There is a risk that our findings may not generalize to other contexts. We studied developers involved in a limited number of large open source Java projects, with a limited response rate to our survey. Our sample is thus likely not representative of all software engineers [33]. However, we also highlight that this is possibly only a minor issue for our experimental research design, which pits one group of randomly assigned developers against another group.
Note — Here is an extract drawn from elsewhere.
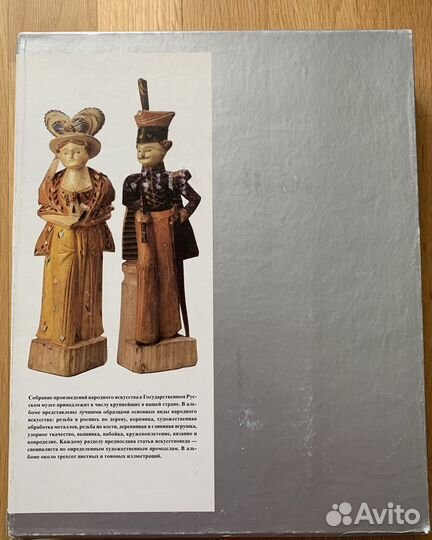 Альбом Русское народное искусство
While these findings may thus not strictly generalize to all developers, we are nevertheless able to provide internally valid results from a sample of experienced programmers [33]. This is of course not the case for our analysis of personality, where external validity is more substantially limited.

Additionally, one might challenge whether our experiment task has external validity. For one, although this is not typically considered very problematic [43], the decision is of course hypothetical. For another, some have argued that developers make many kinds of decisions, but rarely specifically decide between two options, as they had to do in our study [44].

Since we provide the stimulus material and there is no human judgment involved in data analysis, our research should be highly replicable. All data to repeat the analyses of the experiment is provided in this article. As we explicitly promised all participants that their data would not be shared with third parties, we can unfortunately not release the personality data.